Church teaching is that Eastern Orthodox Christians, through baptism, enter a new life of salvation through repentance whose purpose is to share in the life of God through the work of the Holy Spirit. The Eastern Orthodox Christian life is a spiritual pilgrimage in which each person, through the imitation of Christ and hesychasm, cultivates the practice of unceasing prayer. Each life occurs within the life of the church as a member of the body of Christ. It is then through the fire of God's love in the action of the Holy Spirit that each member becomes more holy, more wholly unified with Christ, starting in this life and continuing in the next. The church teaches that everyone, being born in God's image, is called to theosis, fulfillment of the image in likeness to God. God the creator, having divinity by nature, offers each person participation in divinity by cooperatively accepting his gift of grace. This is not to be mistaken as participating in the essence of God but rather participating in his energies. This would mean that we do not become "divine", we still remain human but become "gods" by grace, or in other words "icons of the living God" as many call it.

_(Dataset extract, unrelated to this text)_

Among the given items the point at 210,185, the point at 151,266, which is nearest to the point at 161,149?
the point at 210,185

The Eastern Orthodox Church, in understanding itself to be the Body of Christ, and similarly in understanding the Christian life to lead to the unification in Christ of all members of his body, views the church as embracing all Christ's members, those now living on earth, and also all those through the ages who have passed on to the heavenly life. The church includes the Christian saints from all times, and also judges, prophets and righteous Jews of the first covenant, Adam and Eve, even the angels and heavenly hosts. In Eastern Orthodox services, the earthly members together with the heavenly members worship God as one community in Christ, in a union that transcends time and space and joins heaven to earth. This unity of the Church is sometimes called the communion of the saints.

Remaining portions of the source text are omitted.